Volgens het reglement uit 1826 moest er, drie maanden nadat de vacature was ontstaan, een beroep worden uitgebracht. Zo snel konden de floreenplichtigen echter niet, zij hadden meer tijd nodig om veranderingen aan te brengen en het traktement ‘te doen bepalen op fl. 1.500’. Hierbij hoorde dan tevens een ‘vrije woning in het pastoriehuis en gebruik van de daarbij behoorende tuin’. Het was niet zeker of ‘de hoogere besturen’ die hun plan tot verandering ‘zouden moeten approberen’ ook inderdaad en op tijd hun goedkeuring zouden geven.

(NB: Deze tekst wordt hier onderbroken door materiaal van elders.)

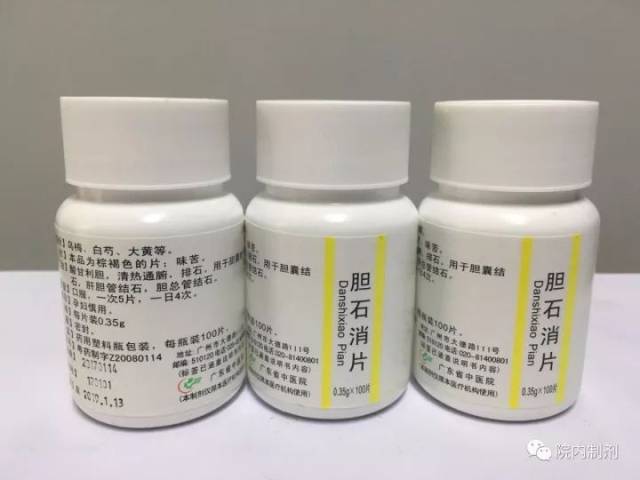 推荐|广东省中医院特色制剂推荐—胆结石用药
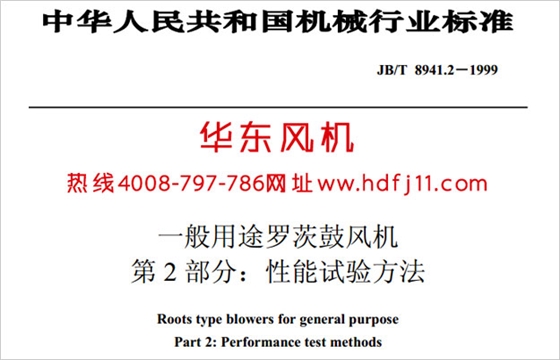 罗茨风机性能试验.jpg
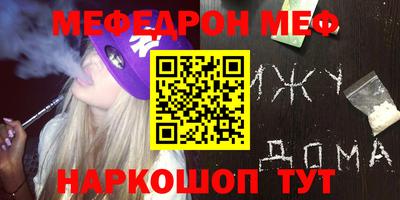 наркотики Абакан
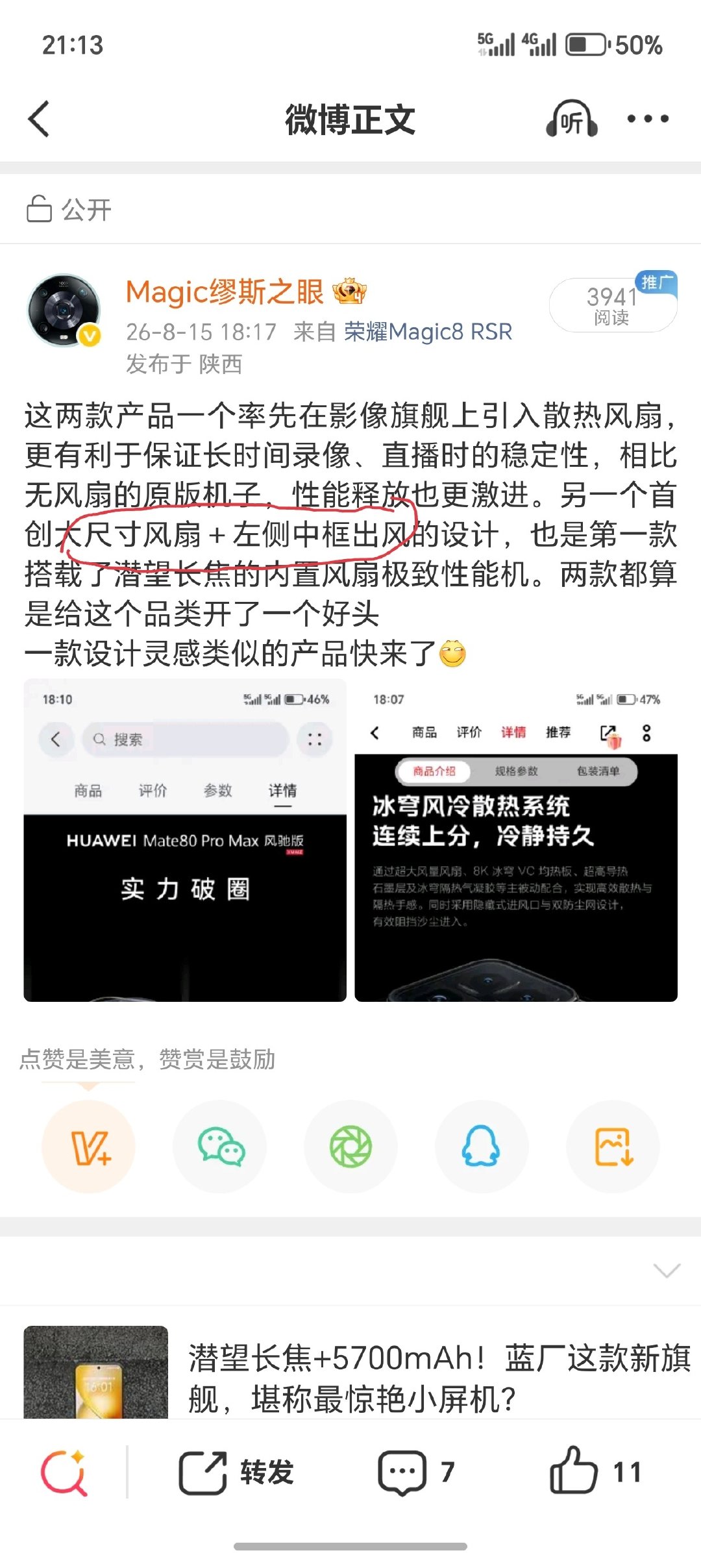 超能版并不是由WIN2系列升杯来的，风扇方案和WIN系列完全不同。可以理解为废案版本600Pro加大机身尺寸，融入全新散热架构，增加电池容量，更换为9系列同款的屏幕基材，并强化外围配置的版本 ​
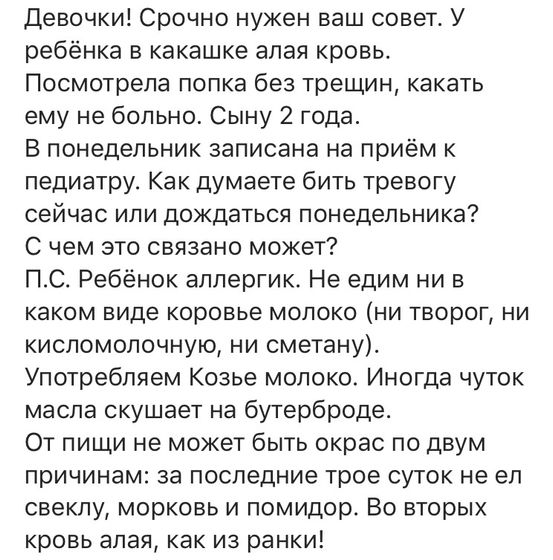 Срочно помощь!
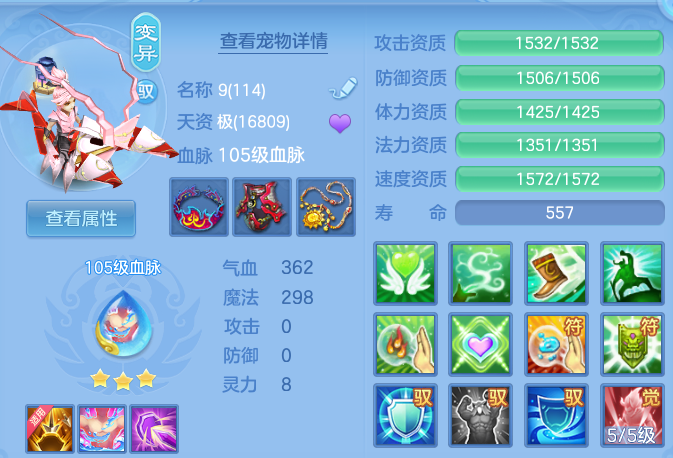 微信图片_20260527201740.png
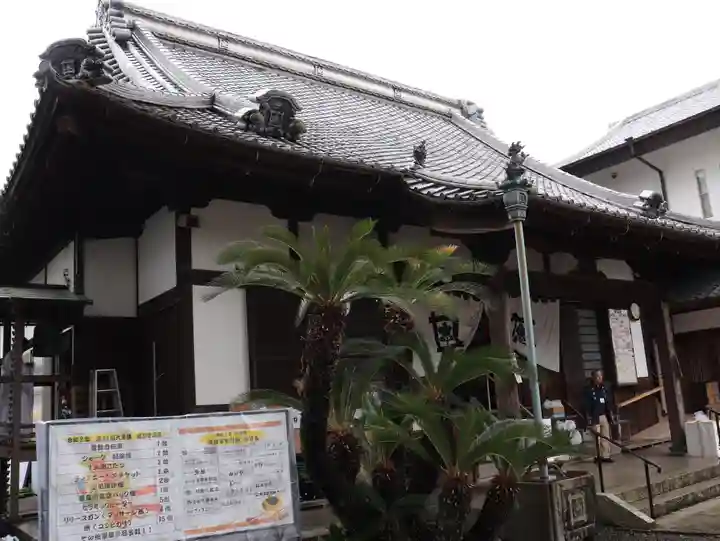 正覚寺(静岡県)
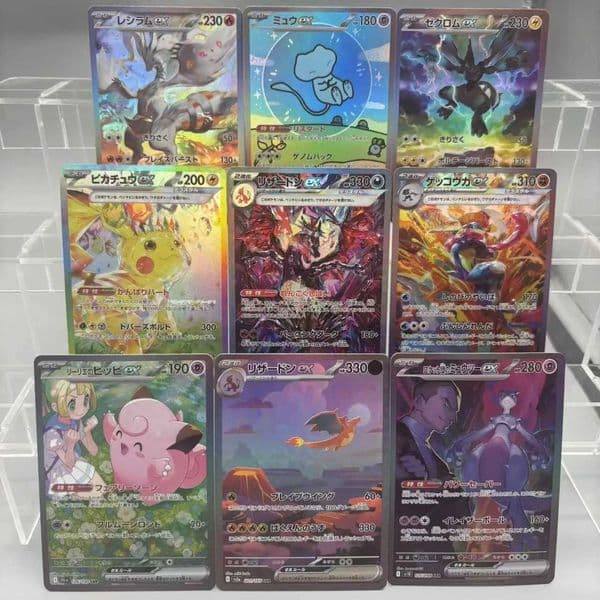 DIY PTCG Collection Cards Charizard Pikachu Mewtwo Reshiram Zekrom Self Made Single Card Classic Game Anime Card Gift Toy L26051145GV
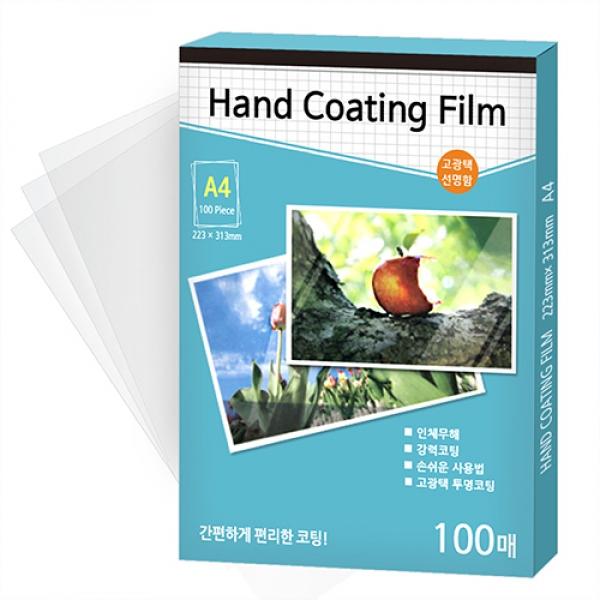 A4손코팅지 100매 G-0 1개 랜덤발송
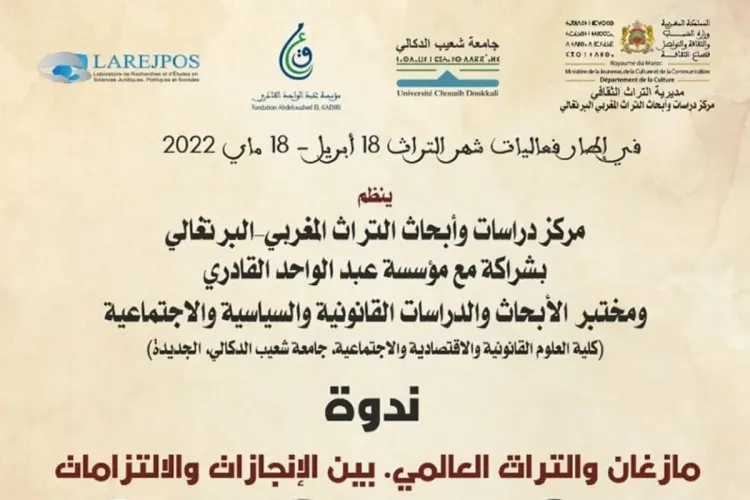 الجديدة: انعقاد لقاء علمي لاكتشاف التراث المغربي البرتغالي والحفاظ عليه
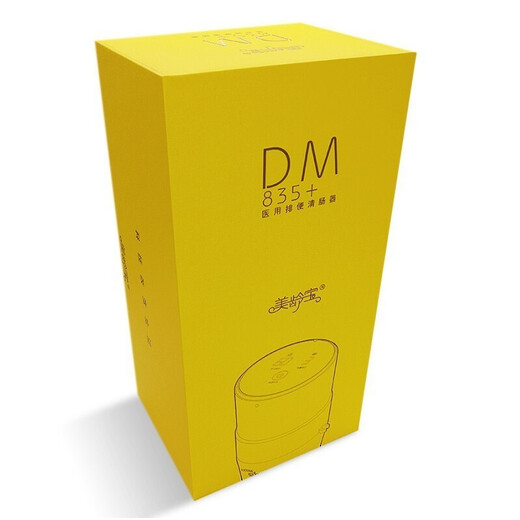 美龄宝 排便清肠器电动肠道水疗仪通便灌肠注射器润肠洗肠器便秘灌肠器肛门医用结肠家用灌肠袋成人医疗仪器 精启款DM835+锂电池充电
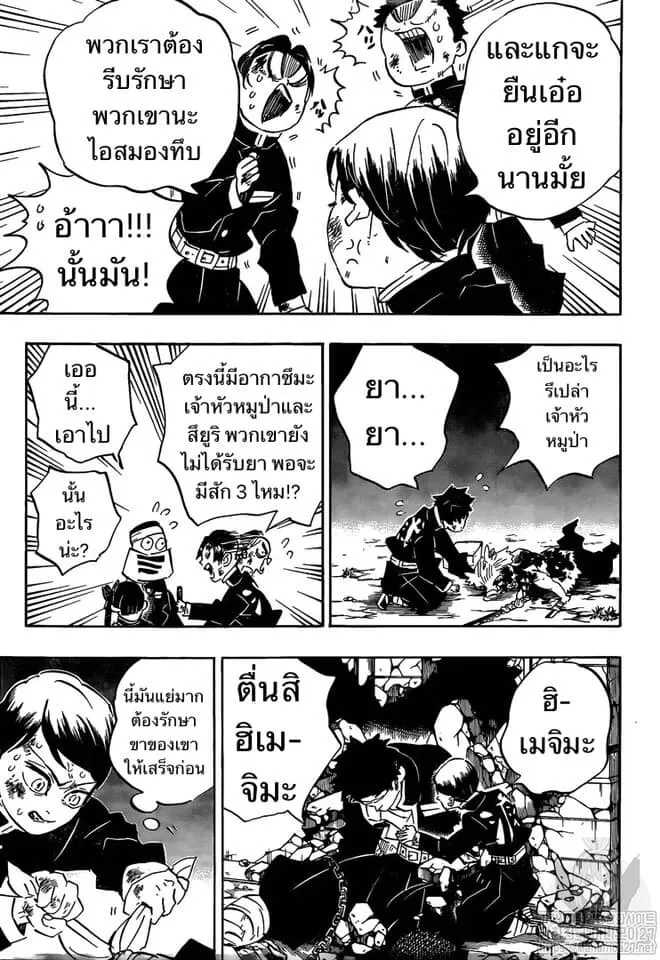 Kimetsu no yaiba ตอนที่ 188 หน้า 121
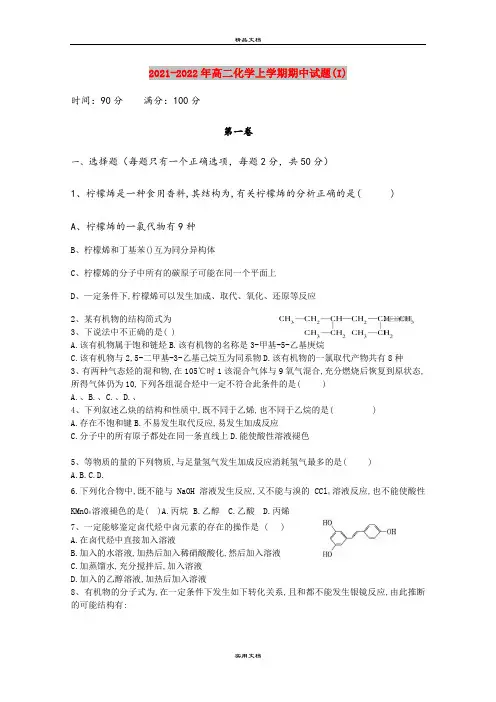 2021-2022年高二化学上学期期中试题(I)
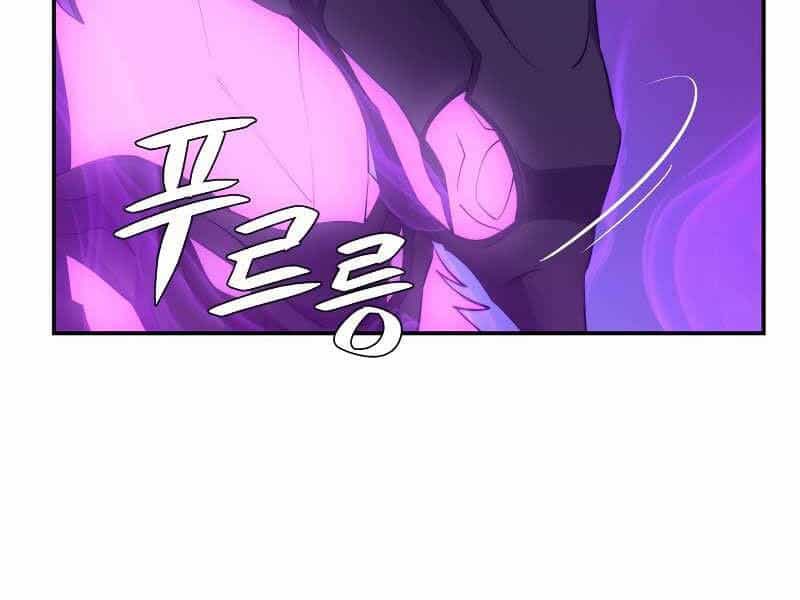 Seoul Tử Linh Sư - Chương 29 - ảnh 50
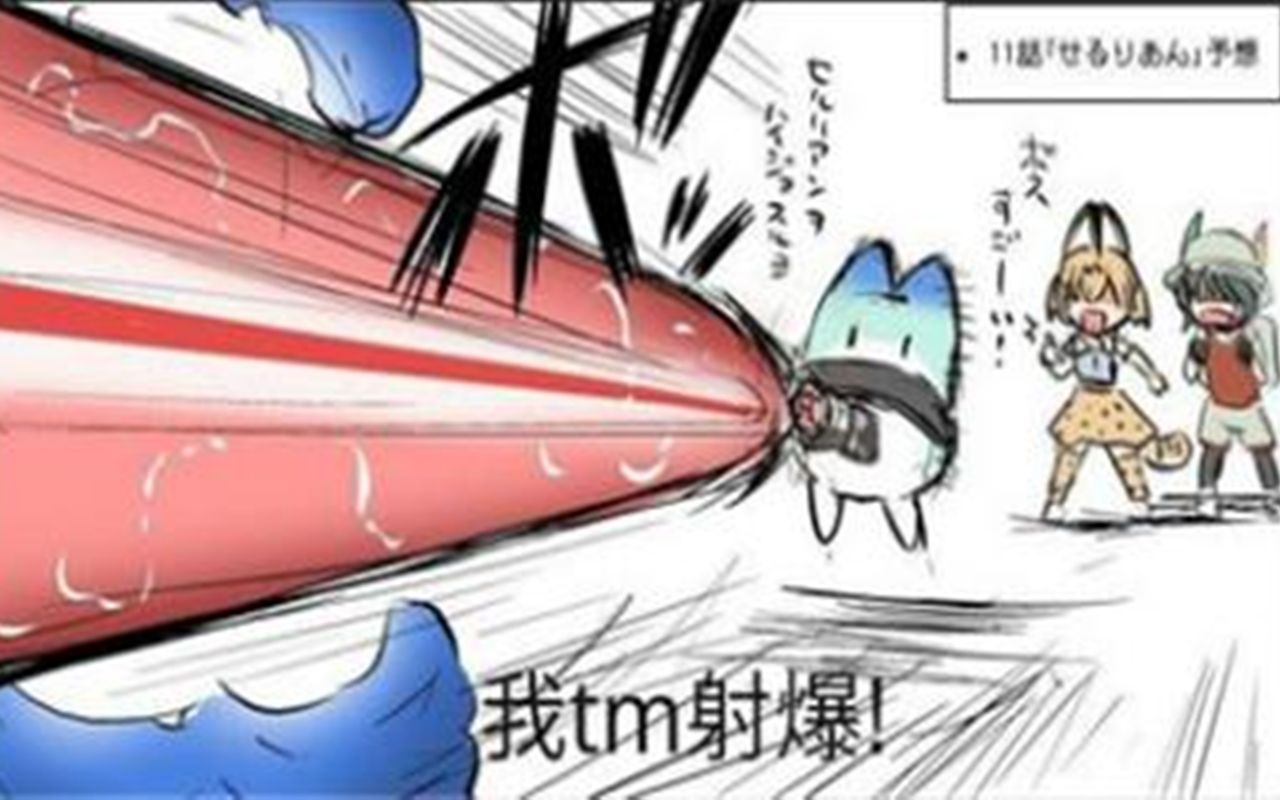 活动  韦天魔术棒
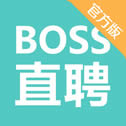 boss直聘企业版app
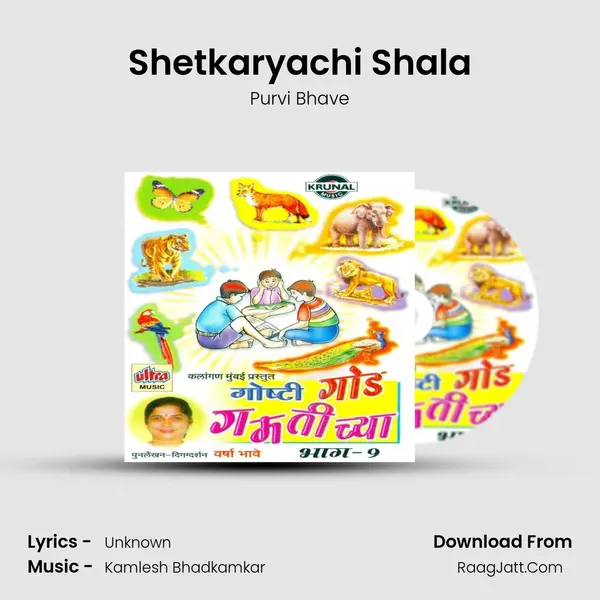 Shetkaryachi Shala MP3 Song by Purvi Bhave Cover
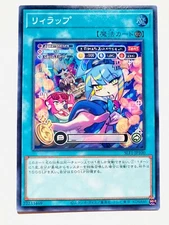 Lil-la-Rap Holo Yu-Gi-Oh Card SLF1-JP100 Very Rare From Japan Konami F/S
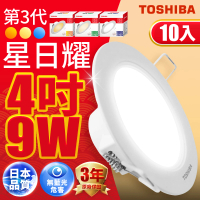 【TOSHIBA 東芝】星日耀 9W LED 崁燈 崁孔9.5CM 10入(白光/自然光/黃光)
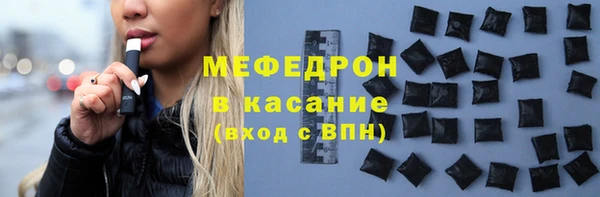 скорость Дмитриев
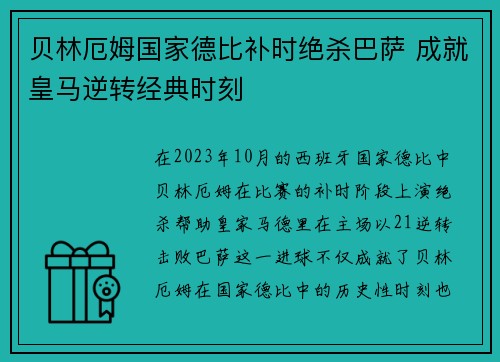 贝林厄姆国家德比补时绝杀巴萨 成就皇马逆转经典时刻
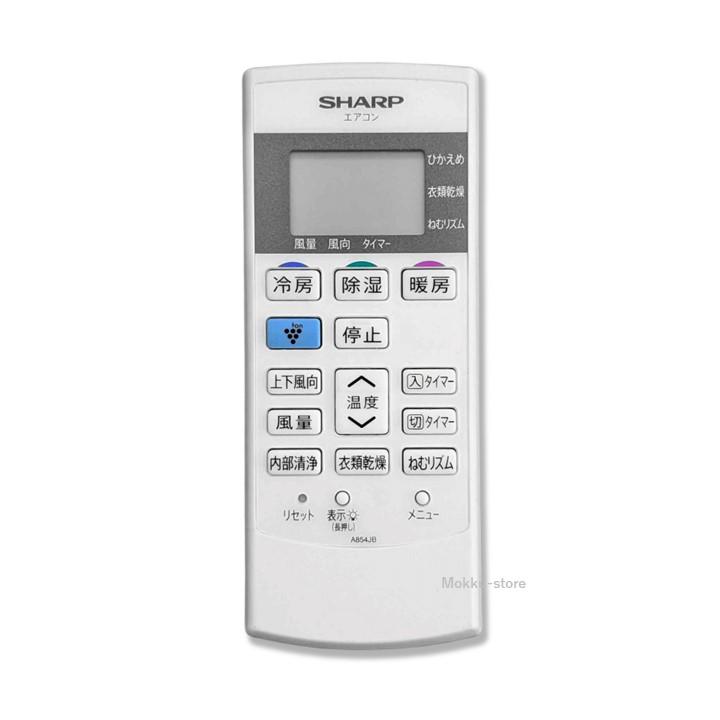 SHARP シャープ エアコン 純正リモコン A854JB 2056380818 AC SHARP シャープ エアコン 純正リモコン A854JB 2056380818 AC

De drie kerkvoogden van Marrum en het drietal van Westernijkerk waren van mening dat er dispensatie moest worden gevraagd en wel zodanig dat ‘Z.Majesteit aan den kerkeraad veroorlove de beroeping twee maanden uit te stellen’. De gevraagde dispensatie werd door de ‘Minister van Financiën, voorlopig belast met het Bestuur van het Departement voor de zaken der Hervormde Eredienst enz.’ verleend.

Tijdens een buitengewone kerkenraadsvergadering op 1(!) januari 1853 werd gemeld dat ook een tweede verzoek om uitstel door de minister van Financiën was verleend. Maar dat was niet de echte reden voor die extra bijeenkomst. Dat was het schriftelijk ingediende verzoek van ouderling Rijpstra ‘om ontslagen te worden en wel ten spoedigste!’ Bij het ‘Censura Morem’ op 22 februari 1853 werd besloten om ‘wegens gegeven ergernis’, inmiddels lidmaat Rijpstra de toegang tot het Heilig Avondmaal te ontzeggen. Kennelijk was het ‘misbruik van sterken drank’ wat Rijpstra parten speelde. Hij was evenwel niet de enige: ook ene Sipke Hovinga zou om dezelfde reden eens ernstig worden toegesproken door de consulent ds. Rutgers.





(1) - Folkert Pieters Rijpstra, overleden te Marrum op 25-07-1873, oud 77 jaar, gehuwd.
(2) - Tot 1951 werden in de Hervormde gemeente Marrum-Westernijkerk de wereldse goederen (pastoralia, bestaande uit landerijen) zelfstandig beheerd en  moesten er
       ook een aantal ingezetenen uit Westernijkerk de functie als diaken bekleden in de kerkenraad.
(3) - Willem Piers van der Zaag, overleden te Marrum op 17-06-1877, oud 81 jaar, weduwnaar van Froukje Aelzes de Roo.
(4) - Klaas Klazes Osinga overleed te Westernijkerk op 17-11-1877, oud 74 jaar, weduwnaar.